Unfortunately, completing an advance directive, as Kasem did, isn't enough. You also need to discuss your advance directive with all your immediate family members, and ensure that they all understand and accept your end-of-life wishes that are expressed in it.
If it were only that easy.
I learned these facts few hand. A few months ago, my brother, Jeff (I have four of them) fell off a ledge in a storage area while at work. He landed awkwardly in the process breaking and puncturing his skull, breaking vertebrae in his neck, nearly ripping off his ear, puncturing a lung, and suffering broken ribs and other injuries. After being on the floor unconscious and bleeding for an estimated 30 minutes, before he was discovered and rushed to a hospital.

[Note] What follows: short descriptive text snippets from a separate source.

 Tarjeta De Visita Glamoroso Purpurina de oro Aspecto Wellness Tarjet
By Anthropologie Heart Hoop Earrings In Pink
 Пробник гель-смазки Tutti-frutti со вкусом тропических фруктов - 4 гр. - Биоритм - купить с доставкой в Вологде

For the next month and a half he remained virtually in a coma like unconsciousness, hooked to virtually every machine. He couldn't breathe on his own, couldn't eat, couldn't drink, couldn't use the bathroom. The few times he was conscious he stared out into space appearing not to recognize anyone in the room. Because of the continued irritation of having tubes down his throat, the doctors ran a tube through his stomach to feed him and cut a trachea in his throat to give him air. He had numerous lung collapses and bouts of pneumonia. Doctors were continually calling my brother's wife to see if she wanted them to perform the latest medical procedure necessary to save his life.

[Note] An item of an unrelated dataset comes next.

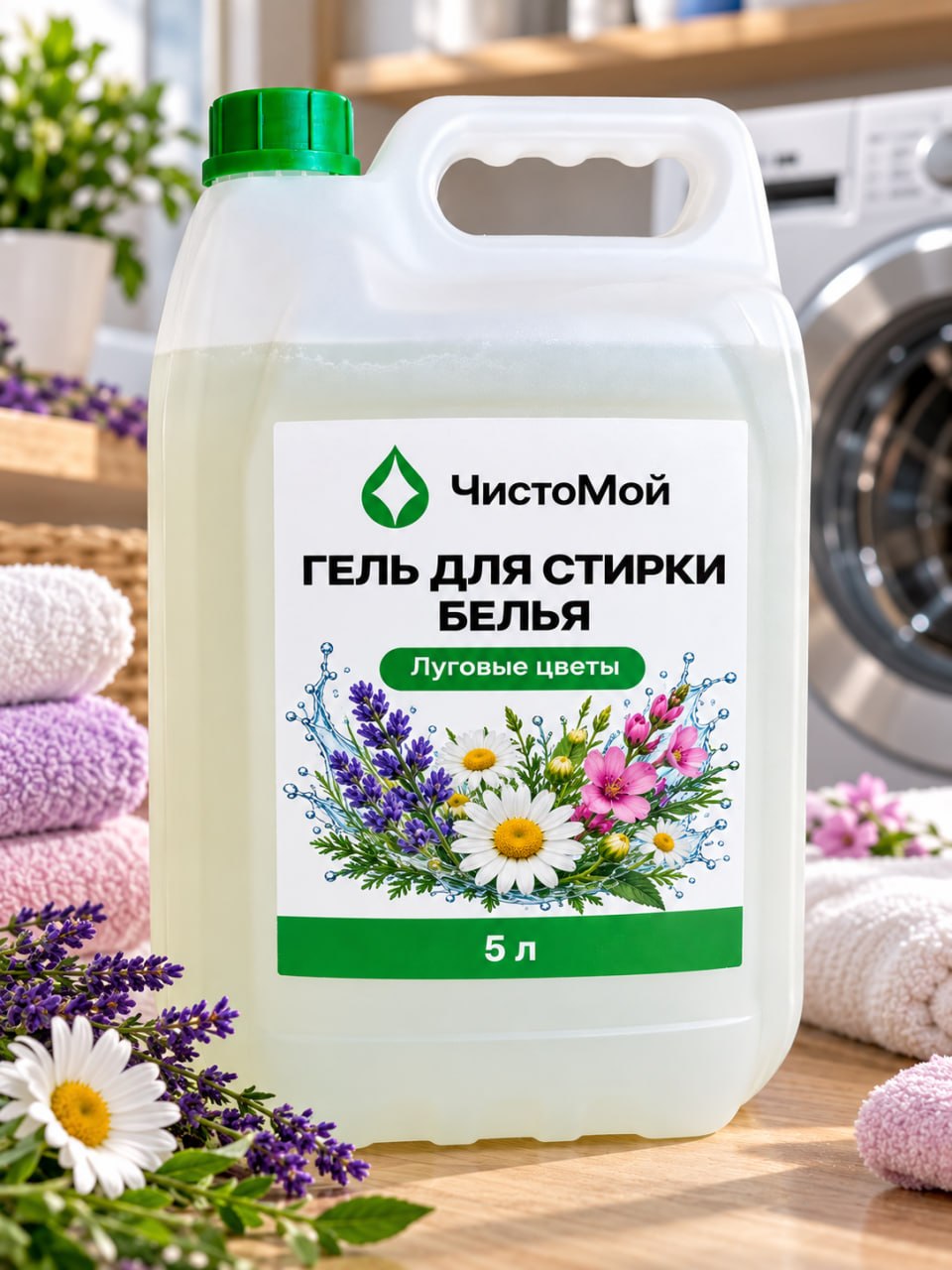 Канистра геля для стирки Луговые цветы объёмом 5 литров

After about six weeks of being in the intensive care unit there had been absolutely no progress. If anything my brother had gotten worse. My family had a conference call. The discussion touched upon the issue of continuing life support in what appeared to be a hopeless, never-improving situation. Quality of life was also a consideration. Even if Jeff recovered we feared with the massive blow to his head he'd be a vegetable with substantial brain damage and paralysis. The doctors were evasive on discussing Jeff's chances and his long-term prognosis, but it seemed they were signaling that they didn't think he had much of a chance.
Within about 24 hours of that family conference, Jeff did something amazing. He woke up and began talking, talking a lot. His brain was functioned well, amazingly sharp after six years of little use. Within a week of waking up, the numerous medical devices that had kept his vessel of a body alive for a month and a half were unplugged.
As of last week, Jeff has been relocated to a rehabilitation facility. He eats, drinks, walks, and uses the bathroom on his own. He uses the phone to call people and accept calls. He's making such rapid progress that they are soon going to release him so he can go home. He does not appear to have any brain damage or paralysis. He appears to be on his way to making a full recovery.
Today marks the one month anniversary of the family conversation where we discussed at what point we should set aside what little hope we had left for Jeff's recovery and consider discontinuing life support.
The bottom line is that when it comes to whether someone who on life support is going to recover, it is not that easy to tell. That's the big issue that people fail to talk about in this end of life debate. In the end, only God knows whether people will on life support will ever recover. For everyone else it is at best educated guesswork.